WHAT THE EXERCISE ASKS = Your response should consist of the entire listing, transcribed exactly, with every image left out.
[INPUT RECORDS Boundary: Start]
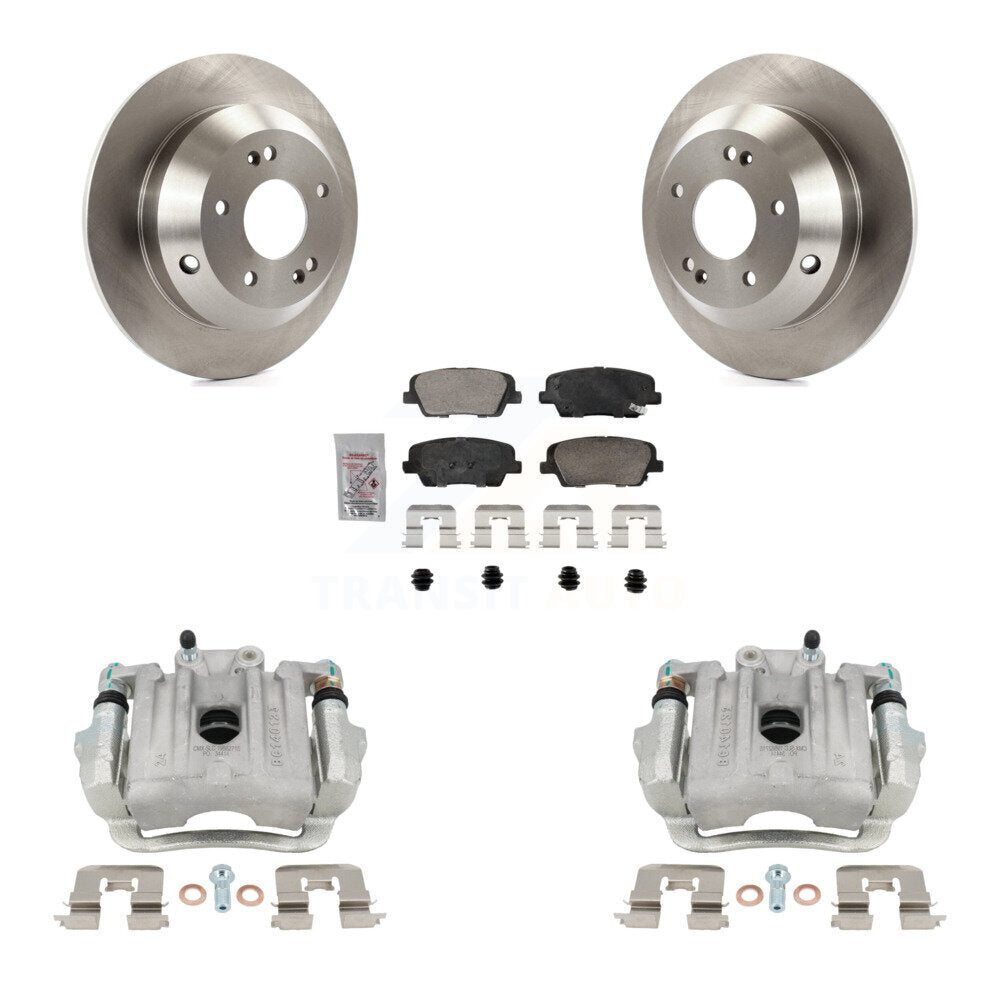 Rear Disc Brake Caliper Rotors Ceramic Pad Kit For Hyundai Santa Fe Sport Kia Sorento XL KC8-101327N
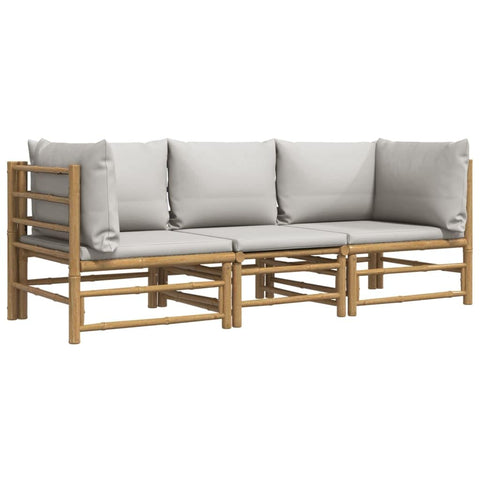vidaXL Bamboo 3 Piece Patio Lounge Set with Light Gray Cushions - Farmhouse Style Outdoor Garden Seating Furniture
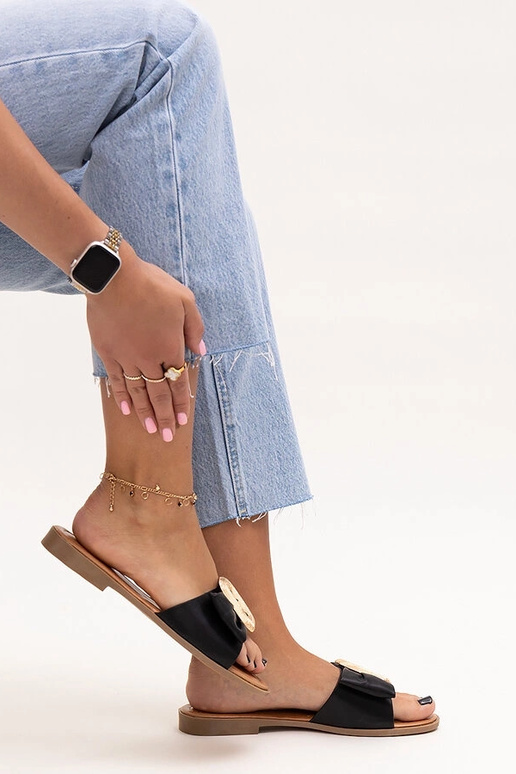 Claquettes à boucle Limera noires Claquettes à boucle Limera noires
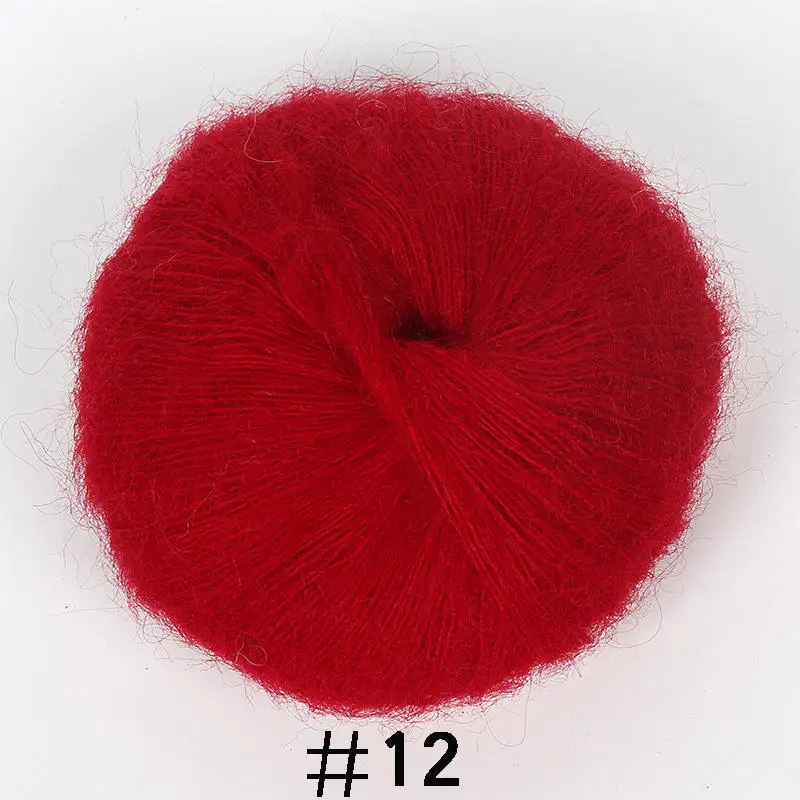 25 г/мяч из мягкого мохера кашемир шерстяная пряжа для вязания DIY шаль шарф нитки для вязания поставки ручного вязания - Цвет: 12
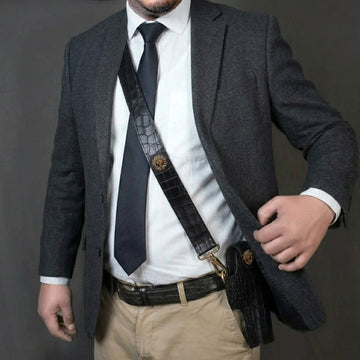 .45 Black Pistol Cover In Deep Cut Leather with Wide Adjustable Bullets Holder Strap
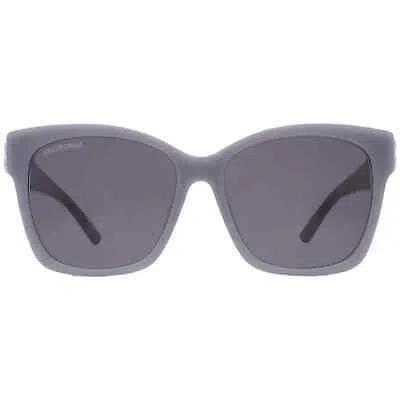 Pre-owned Balenciaga Grey Square Ladies Sunglasses Bb0102sa 011 57 Bb0102sa 011 57 In Gray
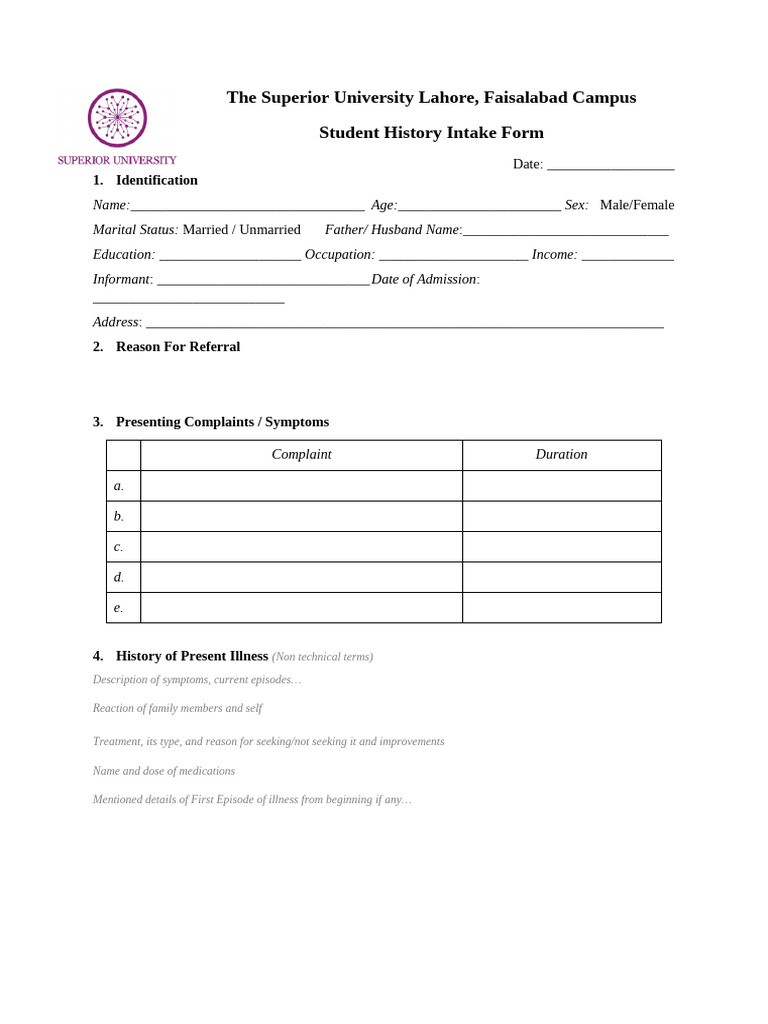 History Intake Form Format-2 | PDF | Family | Mental Disorder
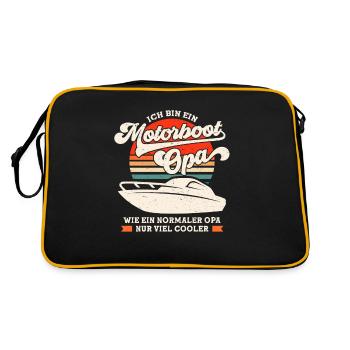Motorboot Opa Kapitän Gadget Bootsführer - Retro Tasche - Schwarz/Gold - Hinten
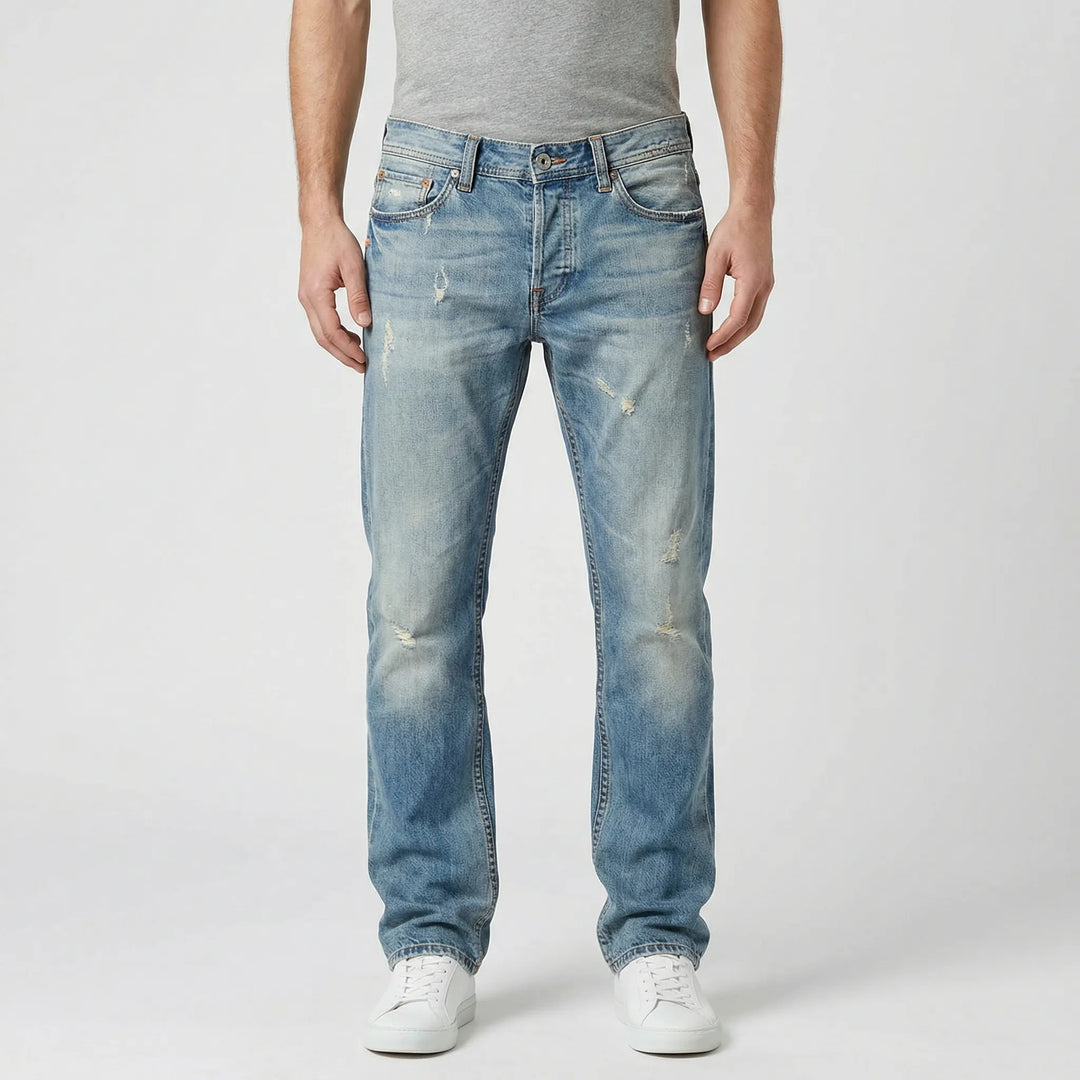 Rechte Herenjeans Met Gescheurde Details - Harold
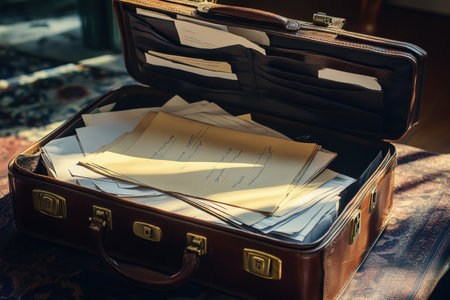 A brown suitcase with papers inside. The papers are scattered and some are folded. The suitcase is open and the papers are on the floorの素材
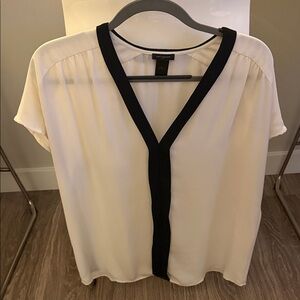 Ann Taylor Factory Cream Blouse with Black Trim - V-Neck Short Sleeve Top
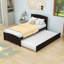 Lit plateforme simple en bois avec lit gigogne simple et tête de lit-838641656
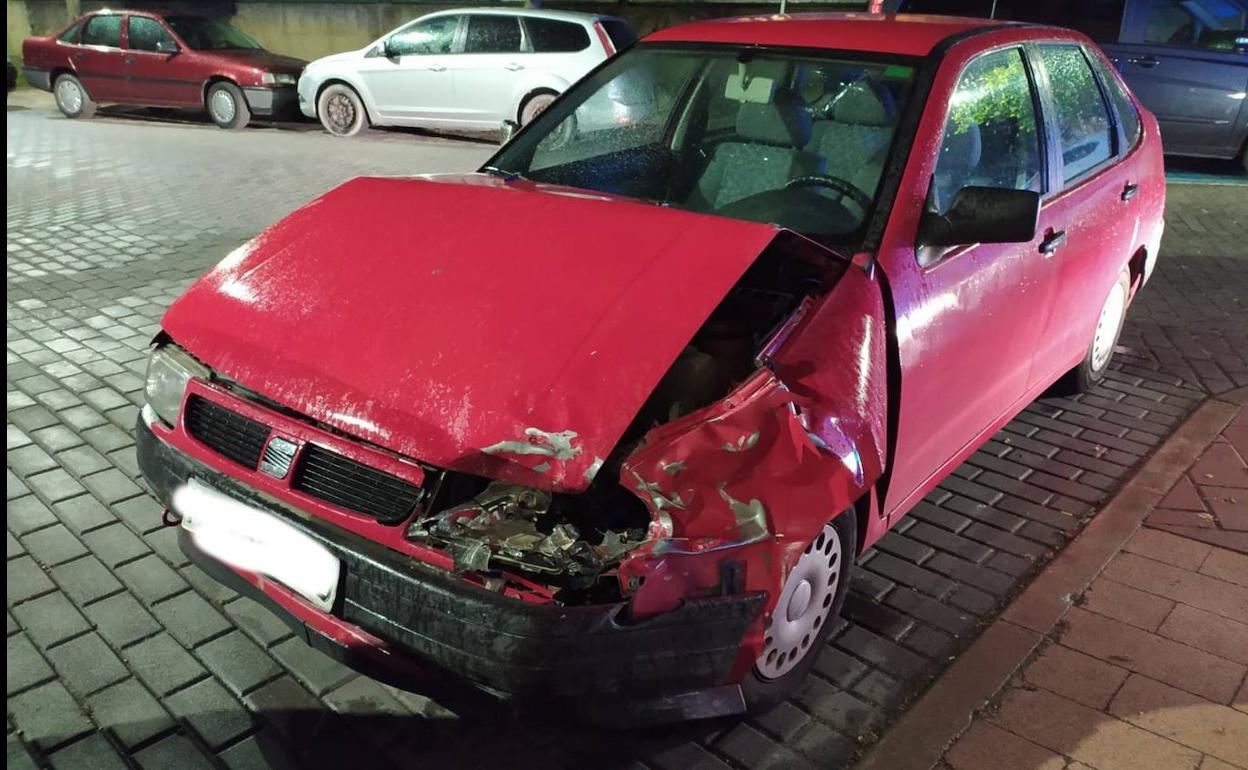 Estado en el que quedó uno de los vehículos implicados en el suceso. 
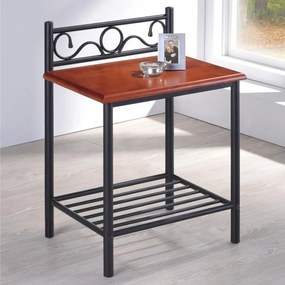 Κομοδίνο Kellien ξύλο σε καρυδί απόχρωση-μαύρο μέταλλο 45x35x62εκ 45x35x62 εκ.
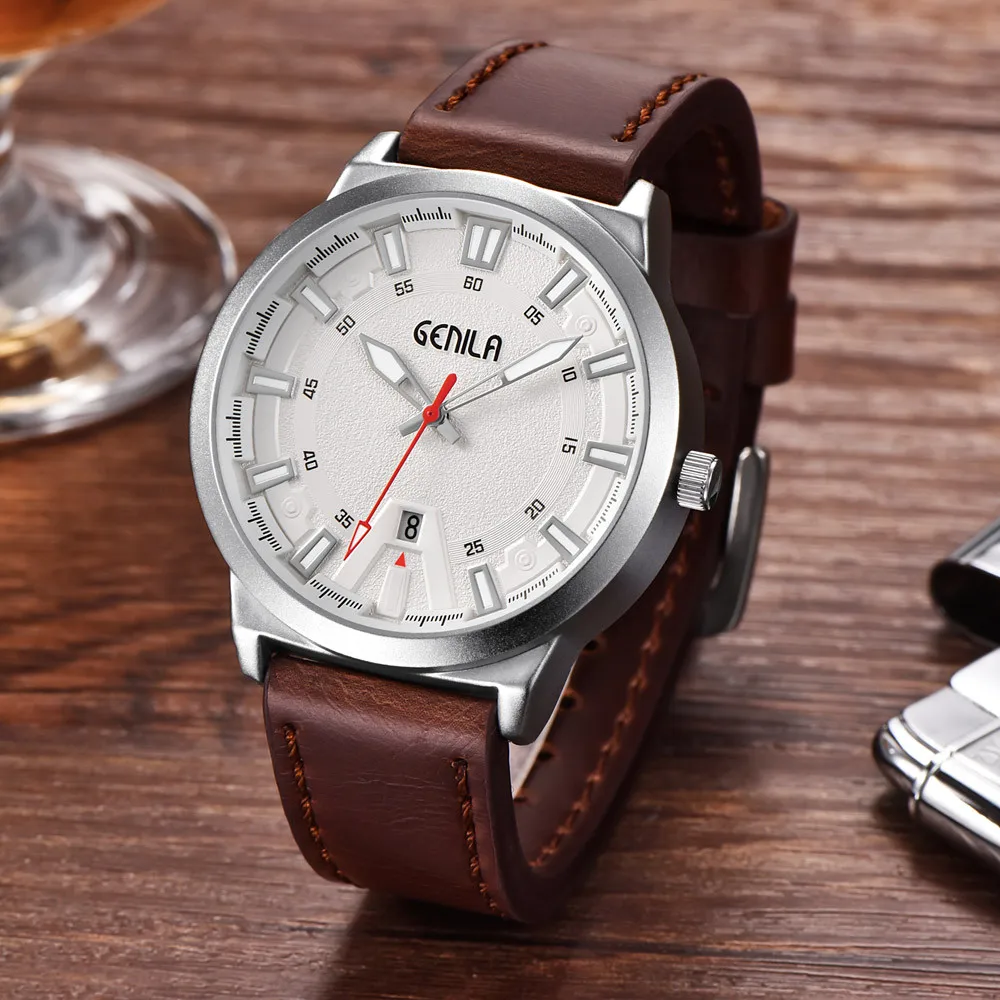 

2017 luxury brand men watch Military Leather Waterproof Date Quartz Analog Army Men's Quartz Wrist Watches Relogio Masculino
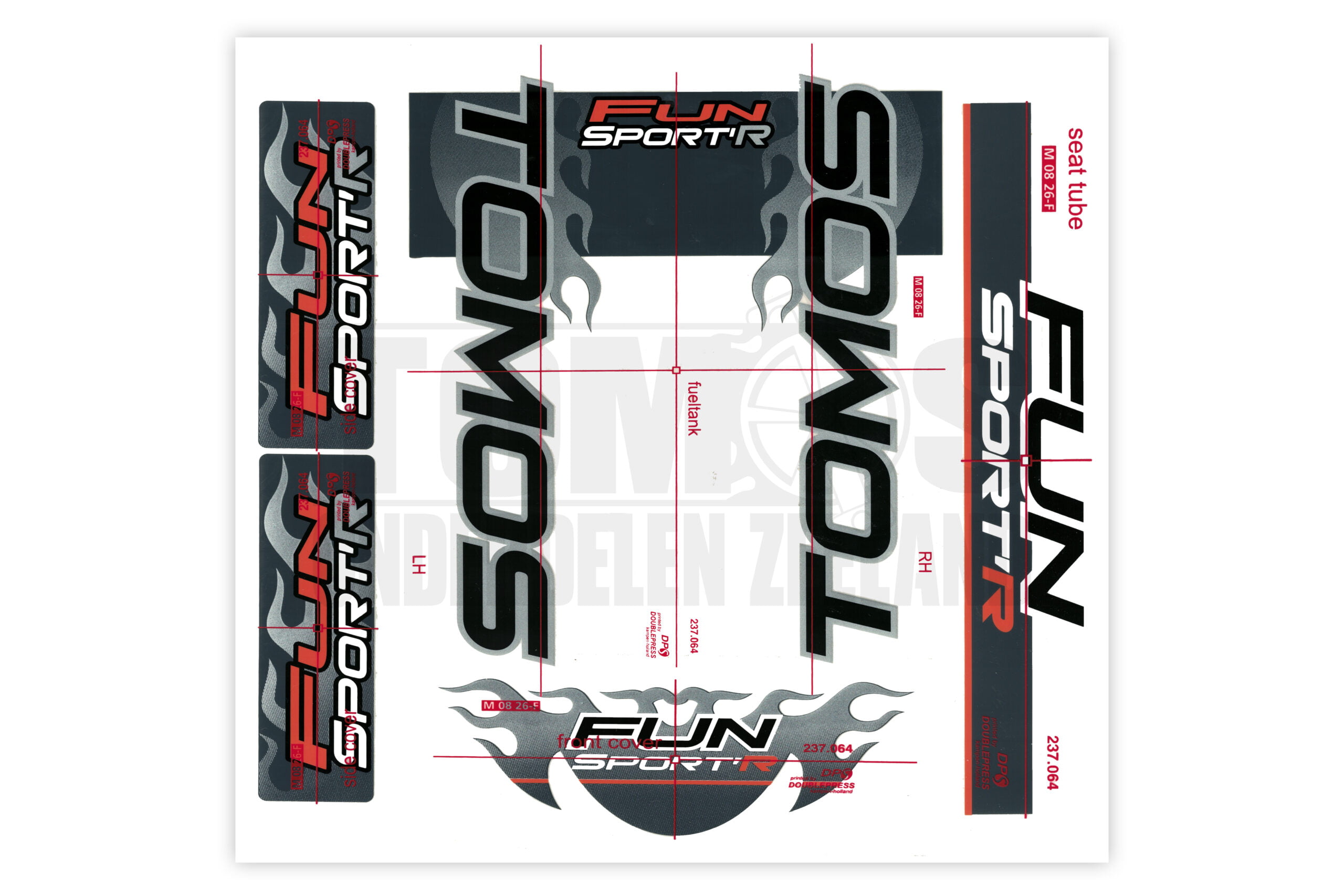 Tomos Stickerset Fun Sport'R compleet set Tomos Stickerset Fun Sport'R compleet set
[INPUT RECORDS Boundary: End]
EXERCISE ANSWER =
 Rear Disc Brake Caliper Rotors Ceramic Pad Kit For Hyundai Santa Fe Sport Kia Sorento XL KC8-101327N
vidaXL Bamboo 3 Piece Patio Lounge Set with Light Gray Cushions - Farmhouse Style Outdoor Garden Seating Furniture
 Claquettes à boucle Limera noires Claquettes à boucle Limera noires
 25 г/мяч из мягкого мохера кашемир шерстяная пряжа для вязания DIY шаль шарф нитки для вязания поставки ручного вязания - Цвет: 12
 .45 Black Pistol Cover In Deep Cut Leather with Wide Adjustable Bullets Holder Strap
 Pre-owned Balenciaga Grey Square Ladies Sunglasses Bb0102sa 011 57 Bb0102sa 011 57 In Gray
 History Intake Form Format-2 | PDF | Family | Mental Disorder
Motorboot Opa Kapitän Gadget Bootsführer - Retro Tasche - Schwarz/Gold - Hinten
 Rechte Herenjeans Met Gescheurde Details - Harold
 A brown suitcase with papers inside. The papers are scattered and some are folded. The suitcase is open and the papers are on the floorの素材
 Ann Taylor Factory Cream Blouse with Black Trim - V-Neck Short Sleeve Top
 Lit plateforme simple en bois avec lit gigogne simple et tête de lit-838641656
 Estado en el que quedó uno de los vehículos implicados en el suceso. 
 Κομοδίνο Kellien ξύλο σε καρυδί απόχρωση-μαύρο μέταλλο 45x35x62εκ 45x35x62 εκ.

2017 luxury brand men watch Military Leather Waterproof Date Quartz Analog Army Men's Quartz Wrist Watches Relogio Masculino
 Tomos Stickerset Fun Sport'R compleet set Tomos Stickerset Fun Sport'R compleet set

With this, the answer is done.